Froome e seu Team Sky imprimiram um ritmo insano no Colle delle Finestre (a 2.178 metros, a maior altitude que o Giro d’Italia chegou neste ano). E Froome ainda atacou faltando 80 km para o final. Todos pensaram que neutralizá-lo seria uma questão de tempo, mas o britânico venceu a etapa mais dura do Giro com 3 minutos de vantagem para o segundo colocado, o equatoriano Richard Carapaz. Froome pegou a Maglia Rosa e ficou 40 segundos à frente do vice-líder da competição até então, o holandês Tom Dumoulin. E ninguém então ouviu mais falar em Simon Yates, que, ao que tudo indicava, conseguiria bem mais do que seus 15 minutos de fama neste roteiro emocionante do Giro 2018.

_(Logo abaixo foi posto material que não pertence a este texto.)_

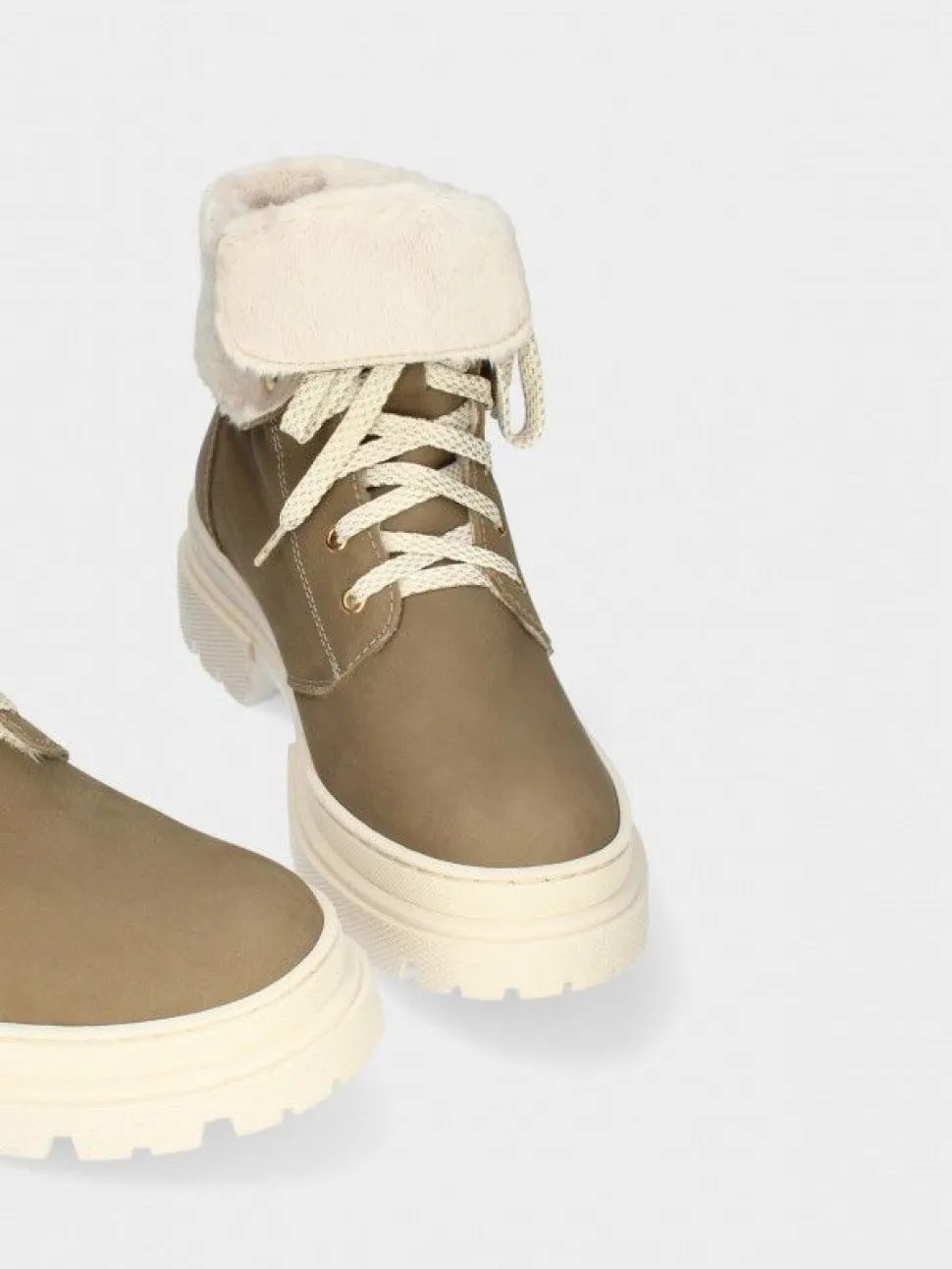 Bota Kaki Com Atacadores Nadia 01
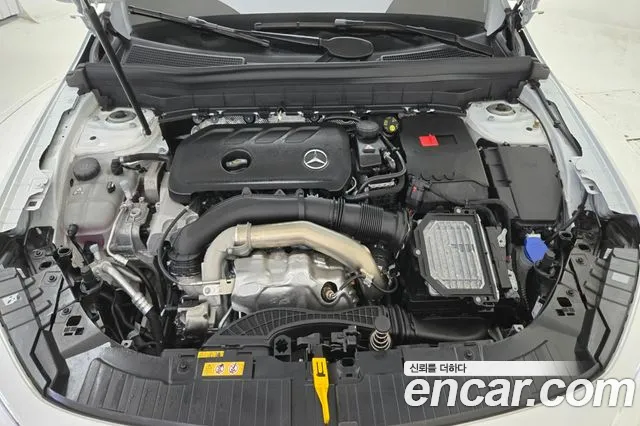 Mercedes-Benz GLB-Class — Фото автомобиля 6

Froome: começo desacreditado

Froome pareceu começar este Giro meio desacreditado. Além de ele ter sua participação questionada – em razão de um caso de doping ainda em aberto contra ele –, tomou um tombo antes mesmo do primeiro estágio, um contrarrelógio individual em Jerusalém, enquanto fazia um pedal de aquecimento. E caiu novamente durante uma curva na oitava etapa, em razão da pista molhada. Apesar de não ter se contundido nem sido prejudicado na classificação geral, seu compatriota Simon Yates vinha sendo o personagem principal ao imprimir ataques vitoriosos. E dificilmente Froome conseguiria se juntar a Eddy Merckx e Bernard Hinault no panteão dos ciclistas que já venceram três ou mais Grandes Voltas na sequência.

O retorno, as dúvidas

Mas ele conseguiu. Mesmo assim, os entendedores do ciclismo preferiram caracterizar o que ele fez de “inacreditável”, em vez de “incrível”, “majestoso” ou “heroico”. Não vamos fingir que fechamos os olhos paro o ciclismo competitivo só por que Froome conseguiu algo que parecia impossível. Depois que a sua equipe Sky passou a ser citada em casos mal esclarecidos sobre o uso de substâncias proibidas e sistemas controversos de medicação, toda dúvida ainda parece ser pouca.

O ciclismo, com sua história de ética e credibilidade tão manchadas, parecia estar recuperando, pela enésima vez, sua confiança em caras como Yates e Dumoulin. Mas a vitória de Froome deixou as Grandes Voltas com um pouco do gosto do salbutamol (uma medicação indicada para o alívio no sistema respiratório e que consta na lista de dopantes da WADA), com o qual Froome foi pego na Vuelta a España em 2017 (edição que ele inclusive venceu).

Até julho, talvez o Tour de France, que nos últimos anos sentiu os amargos efeitos do doping com o escândalo de Lace Armstrong, não deixe Froome competir com um caso de acusação de doping ainda em aberto.

Por enquanto, ficamos sem saber se estamos diante de um script verdadeiro ou de uma chanchada.